Requirement:
Your task is to reproduce exactly the lines from the one containing "Wild Norwegian Omega-3" through the last line below, both ends included, and nothing else, with no pictures.

Provided material:
:::::
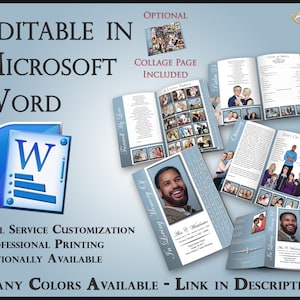 Op de afbeelding: Een blauwe en witte sjabloon voor een begrafenisprogramma dat kan worden bewerkt in Microsoft Word. De sjabloon bevat een collagepagina, een overlijdensbericht en een sectie voor "Ter nagedachtenis aan".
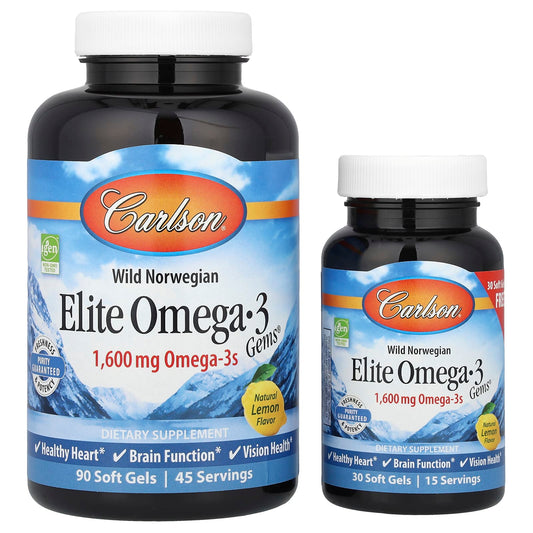 Wild Norwegian Omega-3 Fish Oil 120 Soft Gels, 1600mg, Lemon Flavor - Image 1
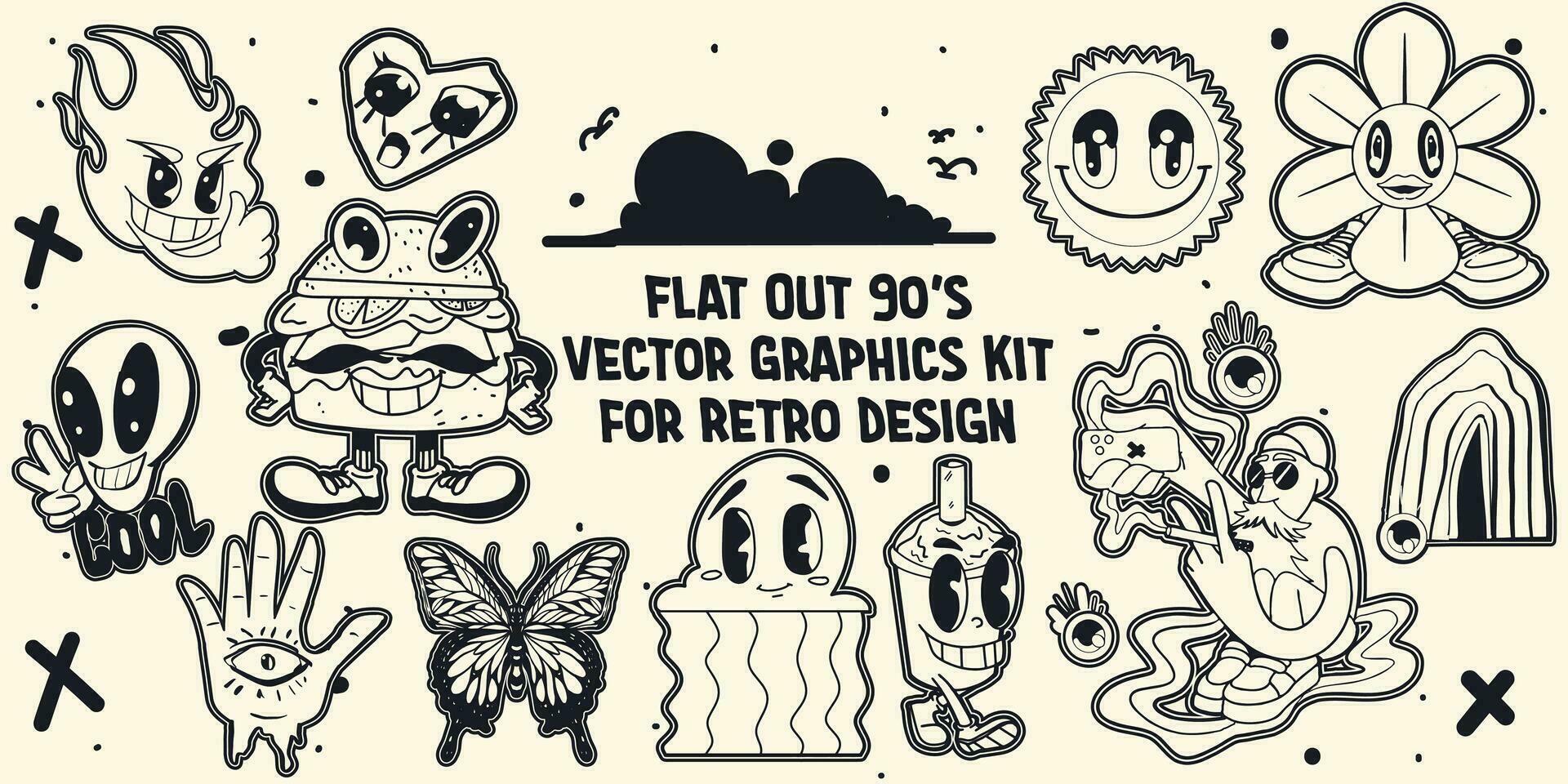 desgarrando y fabuloso 90s icono vector gráficos paquete para ropa y ropa de calle diseño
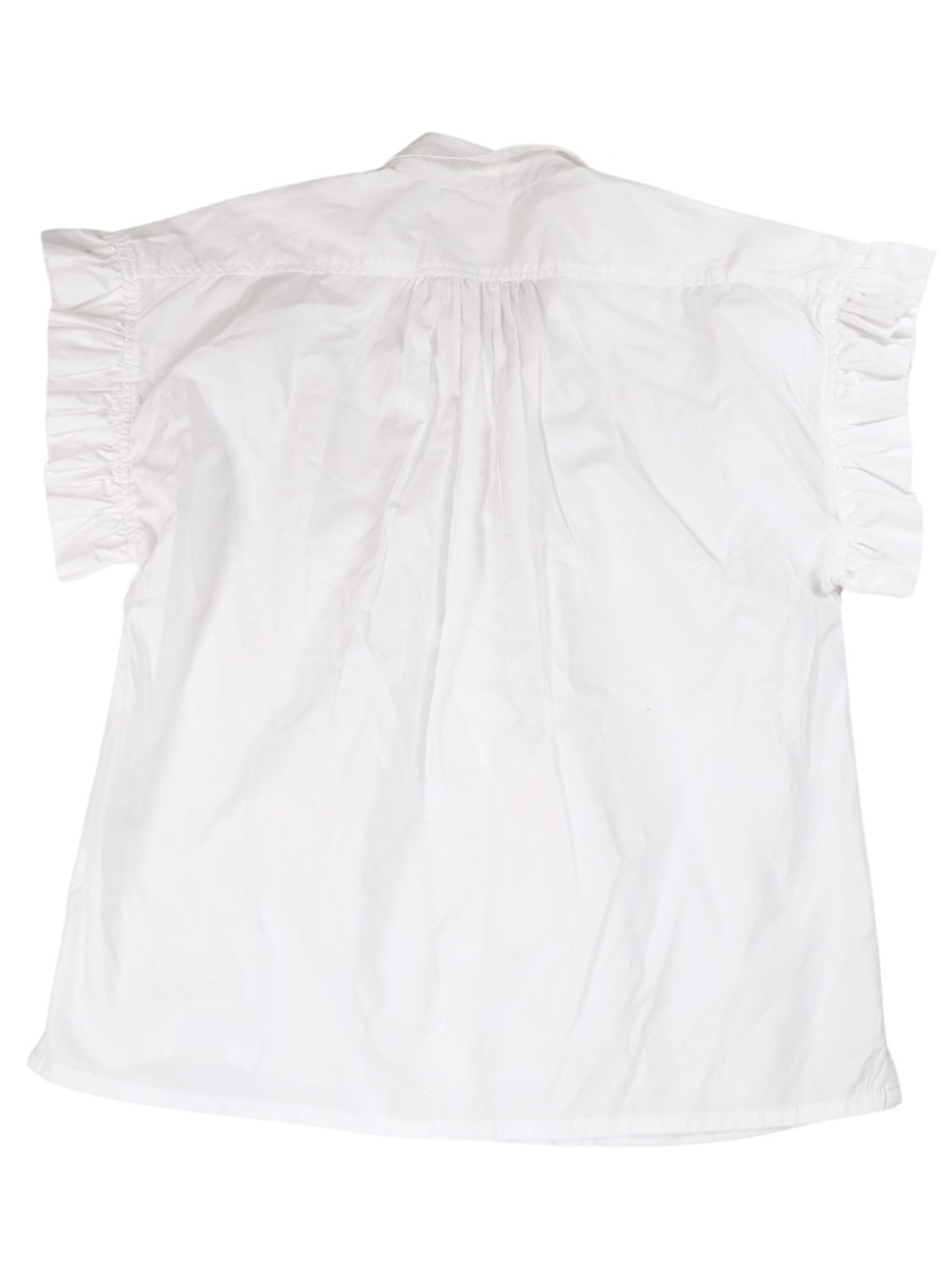 Birds of Paradis by Trovata White Cotton Ruffle Sleeve Blouse Small - Picture 3 of 9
:::::
Exercise result:
 Wild Norwegian Omega-3 Fish Oil 120 Soft Gels, 1600mg, Lemon Flavor - Image 1
 desgarrando y fabuloso 90s icono vector gráficos paquete para ropa y ropa de calle diseño
 Birds of Paradis by Trovata White Cotton Ruffle Sleeve Blouse Small - Picture 3 of 9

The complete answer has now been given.